2. Todos têm o direito de possuir uma parcela igual de todas as outras pessoas e bens existentes.
A primeira alternativa claramente implica que a classe A deve ter direitos superiores à classe B, ela implica que a classe A pode explorar e, logo, viver parasiticamente da classe B. Desta forma, esta alternativa não cumpre o critério de universalidade, pré-requisito de qualquer teoria ética. O segundo caso parece cumprir tal condição de universalidade, porém, é logicamente impossível. Se todos têm o direito de possuir uma parcela igual de todas as outras pessoas e bens existentes, então nenhum ser humano poderia executar nenhuma ação (nem mesmo utilizar suas cordas vocais) sem antes ter a aprovação de todos os outros seres humanos.
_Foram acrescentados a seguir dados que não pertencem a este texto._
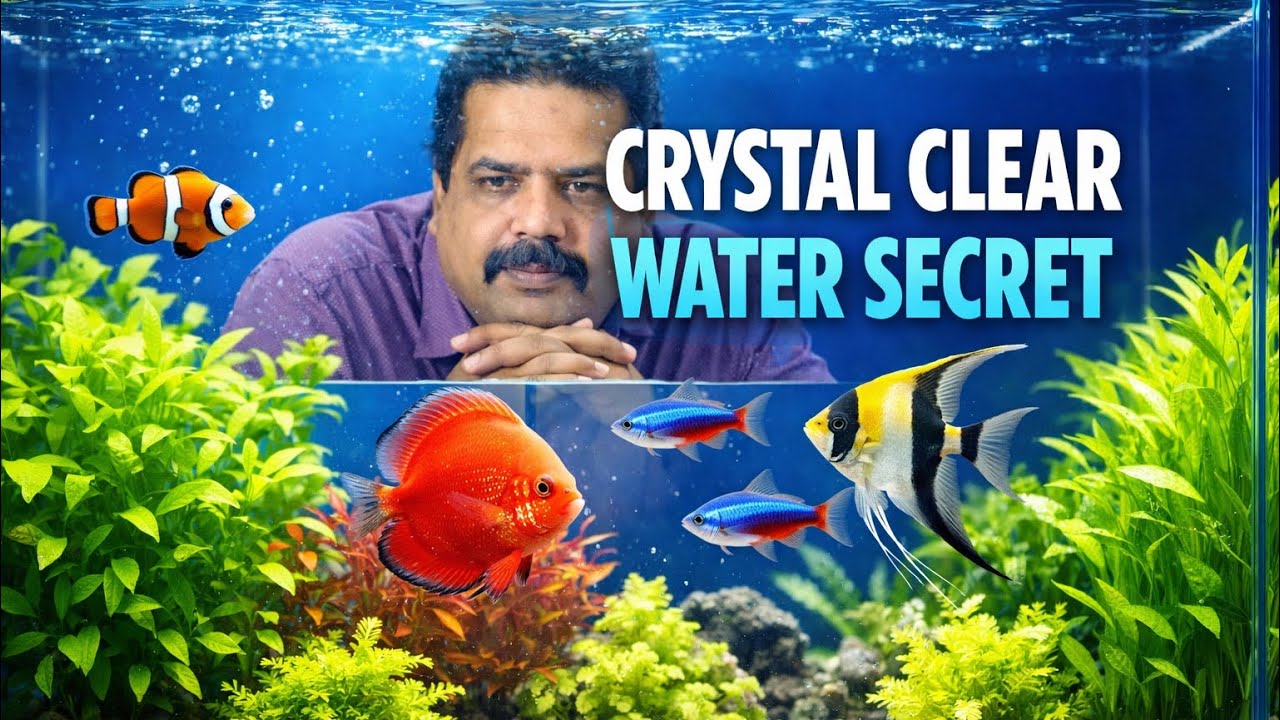 Crystal Clear Aquarium Water Secrets 💧 | Simple & Proven Method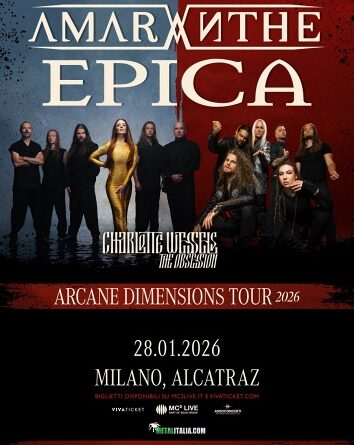 AMARANTHE ed EPICA una data a Milano a gennaio 2026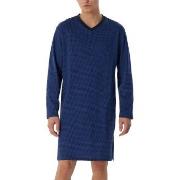 Schiesser Comfort Essentials Men Nightdress Marin bomull 56 Herr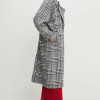 Answear Lab palton din lana culoarea gri, de tranzitie, cu doua randuri de nasturi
Mas como conseguir tal aprovação de bilhões de pessoas sem poder sequer iniciar qualquer ação? A humanidade iria obviamente se extinguir quase que instantaneamente. Tal alternativa é fisicamente impossível, pois é impossível que todos os homens mantenham registros contínuos sobre todos os outros homens e bens existentes para que assim possam exercer suas propriedades parciais sobre eles. Na prática, o controle e a posse dos homens necessariamente recairia sobre um grupo especializado, o qual, deste modo, se tornaria a classe dominante. Assim, de qualquer forma, estaríamos de volta à nossa primeira alternativa.
Temos então que a única alternativa correta é dar ao homem o direito absoluto de se possuir (também chamado de direito de auto-propriedade) e de possuir aqueles bens adquiridos por ele legitimamente (também chamado de direito de propriedade).